┌─ DATA RECORDS

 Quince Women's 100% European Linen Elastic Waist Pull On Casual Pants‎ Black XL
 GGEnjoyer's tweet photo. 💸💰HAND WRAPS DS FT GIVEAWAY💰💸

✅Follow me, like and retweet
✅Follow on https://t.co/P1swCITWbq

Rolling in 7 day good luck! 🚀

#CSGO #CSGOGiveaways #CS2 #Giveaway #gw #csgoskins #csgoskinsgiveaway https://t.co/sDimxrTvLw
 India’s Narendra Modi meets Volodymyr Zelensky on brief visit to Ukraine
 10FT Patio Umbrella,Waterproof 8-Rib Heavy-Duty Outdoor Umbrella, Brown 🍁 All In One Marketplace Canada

└─
┌─ DATA RECORDS

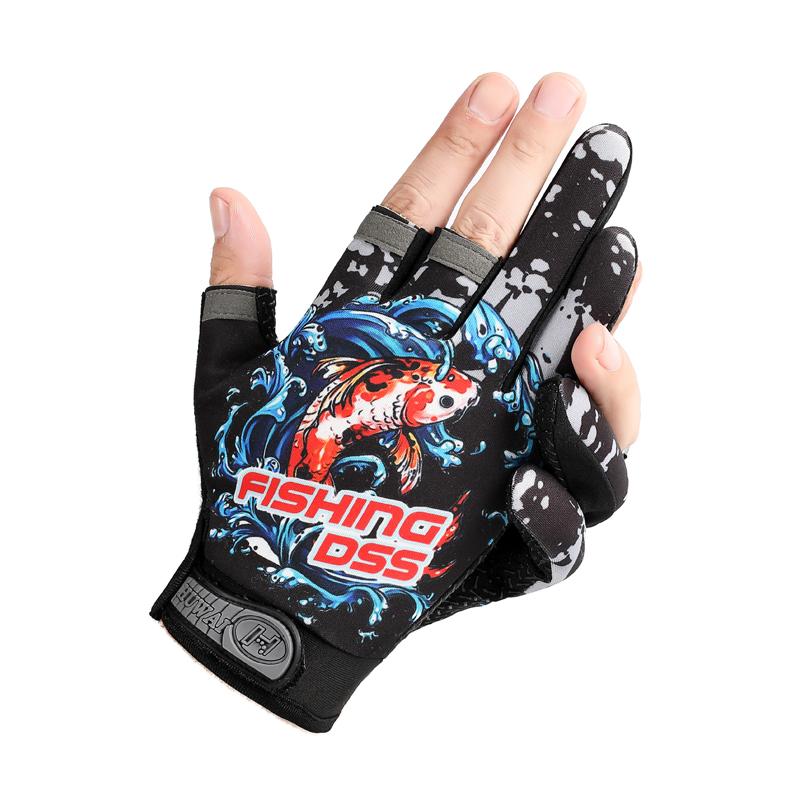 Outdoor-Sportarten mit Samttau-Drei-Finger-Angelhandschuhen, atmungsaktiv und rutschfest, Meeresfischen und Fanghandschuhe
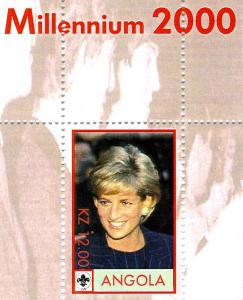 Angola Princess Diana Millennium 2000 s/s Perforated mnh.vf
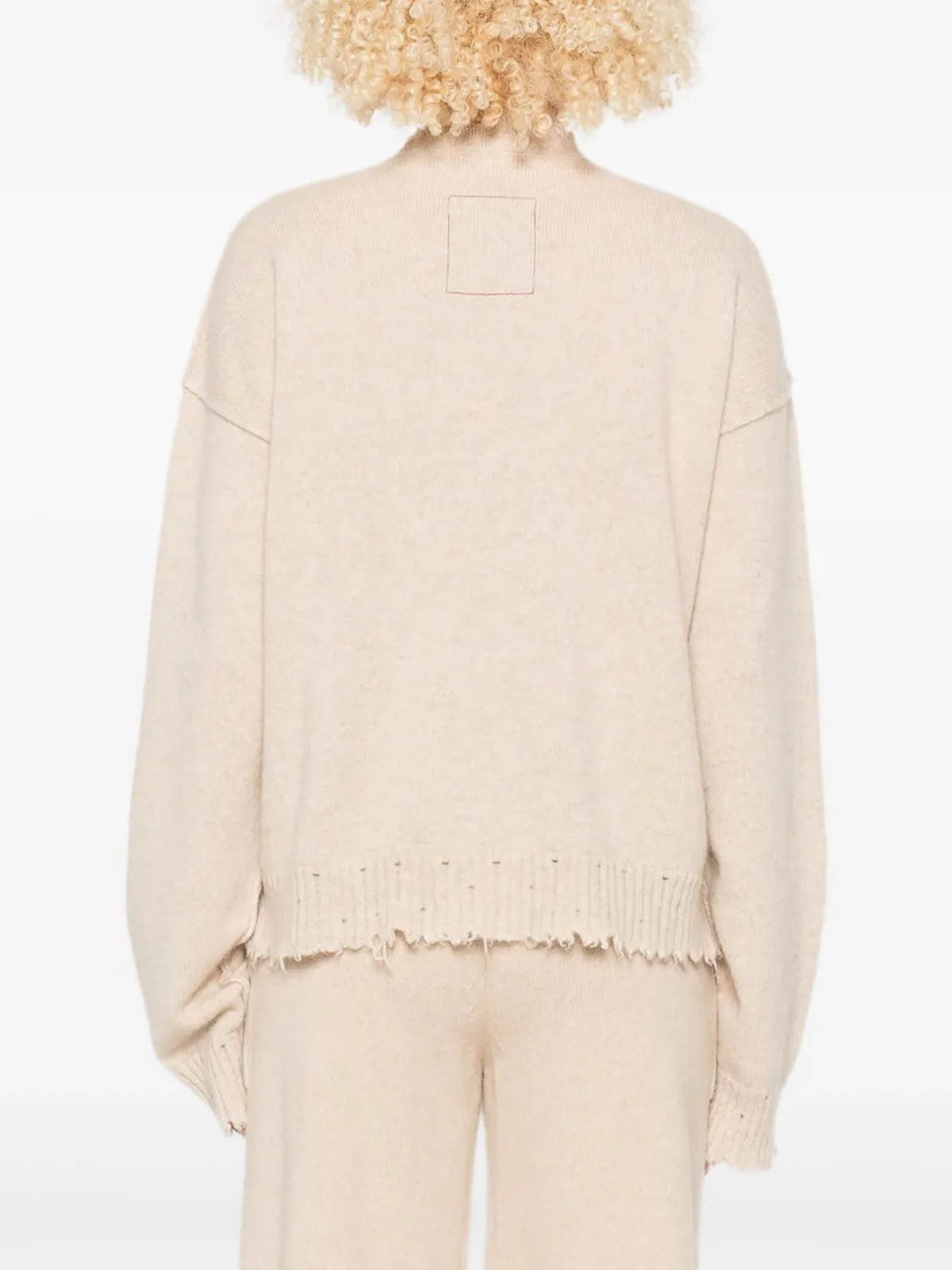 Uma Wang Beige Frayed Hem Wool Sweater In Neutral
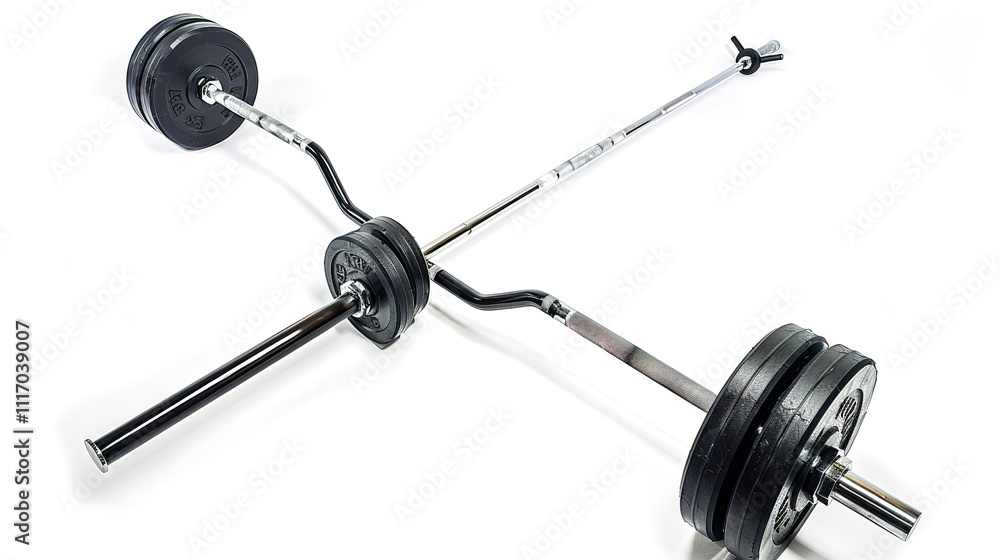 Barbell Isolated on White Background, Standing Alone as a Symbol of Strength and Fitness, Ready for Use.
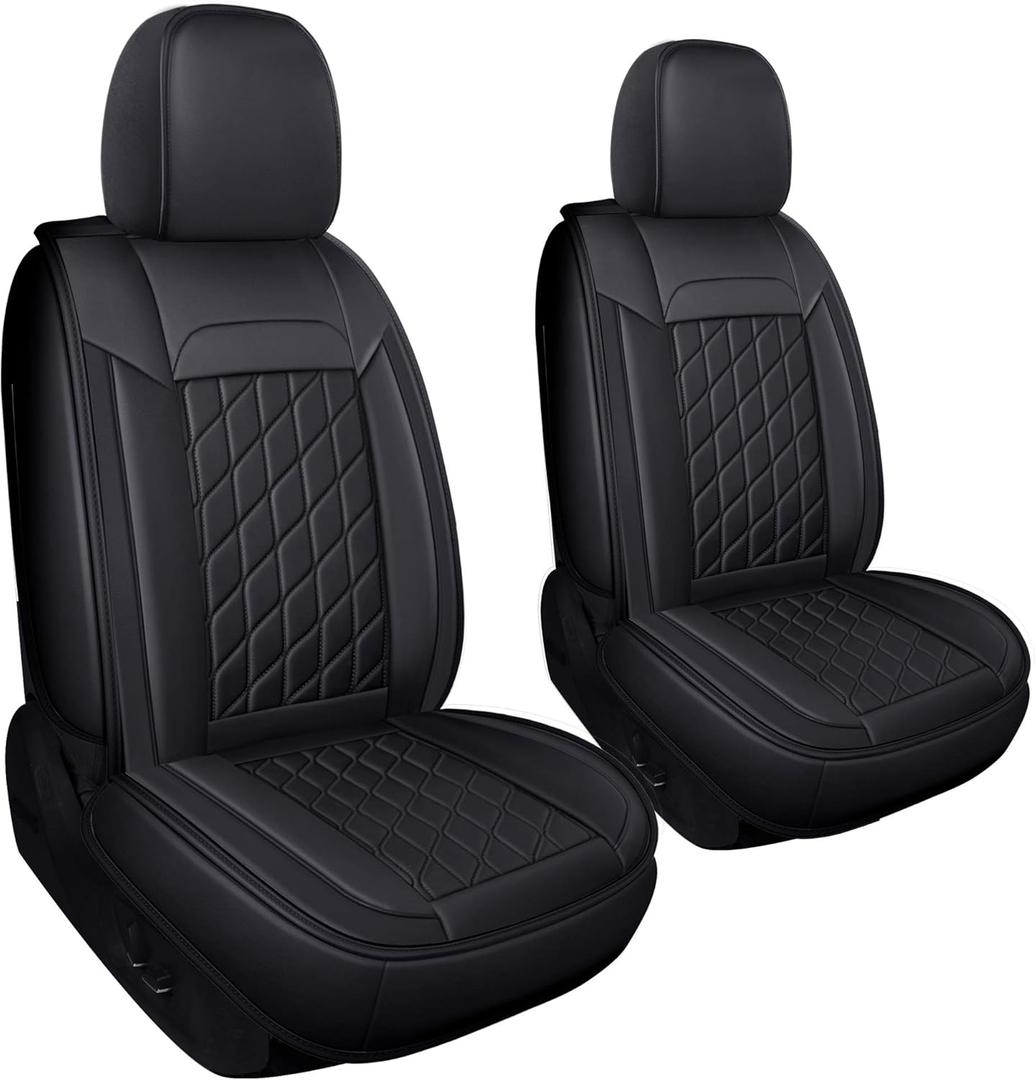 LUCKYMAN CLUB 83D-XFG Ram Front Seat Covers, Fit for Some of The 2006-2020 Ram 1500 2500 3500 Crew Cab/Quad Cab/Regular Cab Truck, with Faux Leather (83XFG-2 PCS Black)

└─

Taking the lines above, repeat exactly those from the line that contains "Quince Women's 100%" through the line that contains "10FT Patio Umbrella,Waterproof", and both of those lines as well. Include nothing else.

 Quince Women's 100% European Linen Elastic Waist Pull On Casual Pants‎ Black XL
 GGEnjoyer's tweet photo. 💸💰HAND WRAPS DS FT GIVEAWAY💰💸

✅Follow me, like and retweet
✅Follow on https://t.co/P1swCITWbq

Rolling in 7 day good luck! 🚀

#CSGO #CSGOGiveaways #CS2 #Giveaway #gw #csgoskins #csgoskinsgiveaway https://t.co/sDimxrTvLw
 India’s Narendra Modi meets Volodymyr Zelensky on brief visit to Ukraine
 10FT Patio Umbrella,Waterproof 8-Rib Heavy-Duty Outdoor Umbrella, Brown 🍁 All In One Marketplace Canada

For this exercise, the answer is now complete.